• [Information provided]:
____
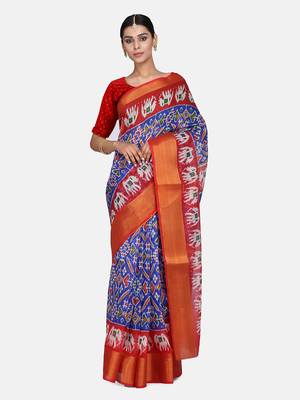 Pochampally ikkat Multi color soft cotton sarees with 5inch zari borders 1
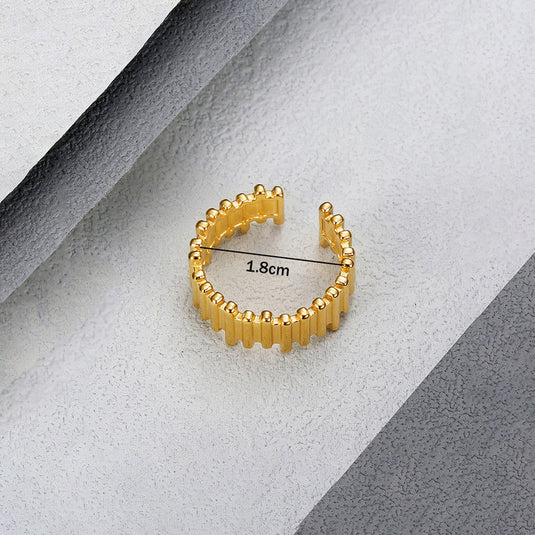 Gold Plated Anti Tarnish Stainless Steel Contemporary Adjustable Finger Ring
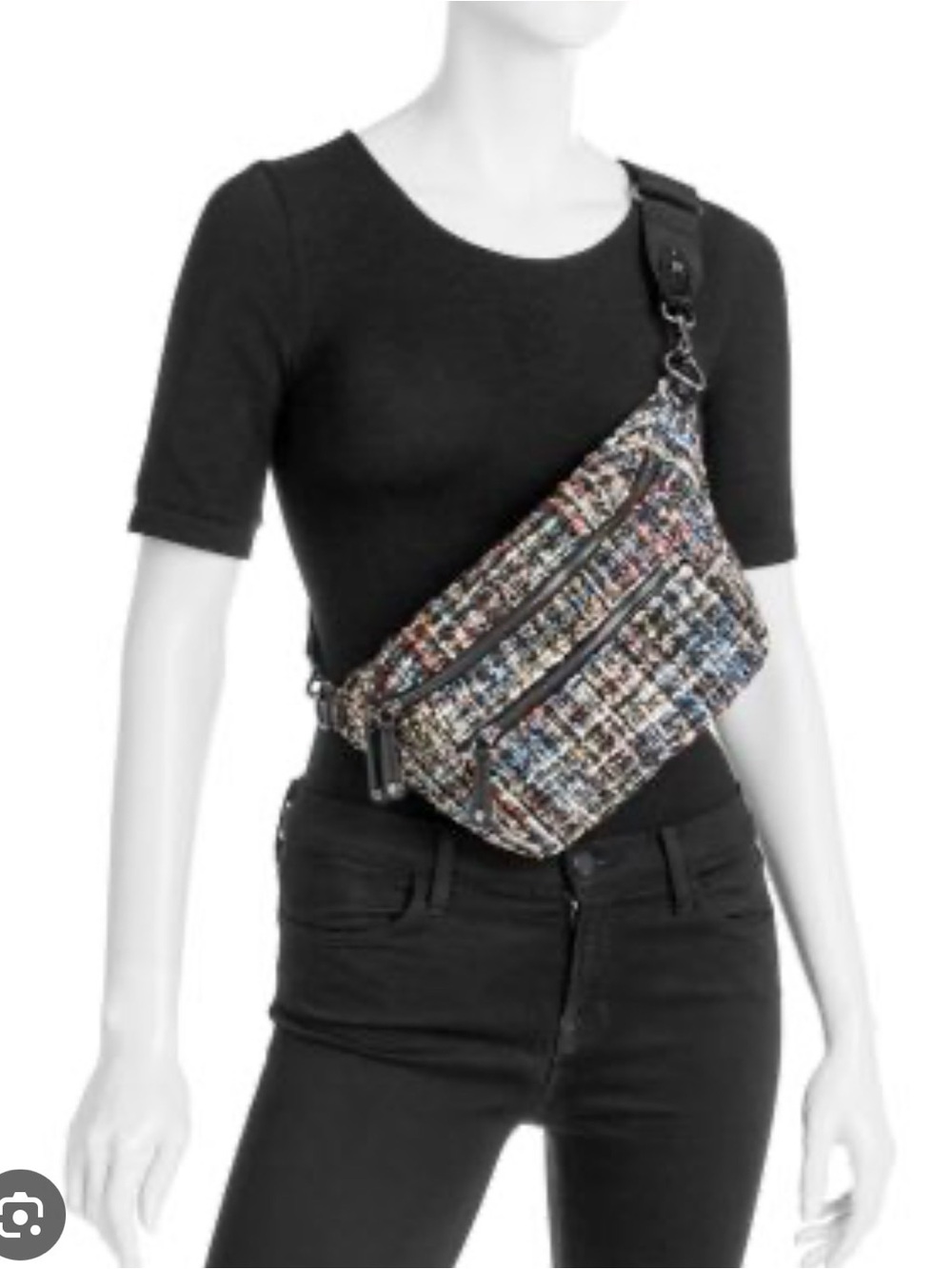 MZ Wallace midnight sparkle tweed boucle small Crosby sling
____
• [Assigned task]: Print the material above exactly as it appears, but not its pictures.

• [Exercise output]:
 Pochampally ikkat Multi color soft cotton sarees with 5inch zari borders 1
 Gold Plated Anti Tarnish Stainless Steel Contemporary Adjustable Finger Ring
 MZ Wallace midnight sparkle tweed boucle small Crosby sling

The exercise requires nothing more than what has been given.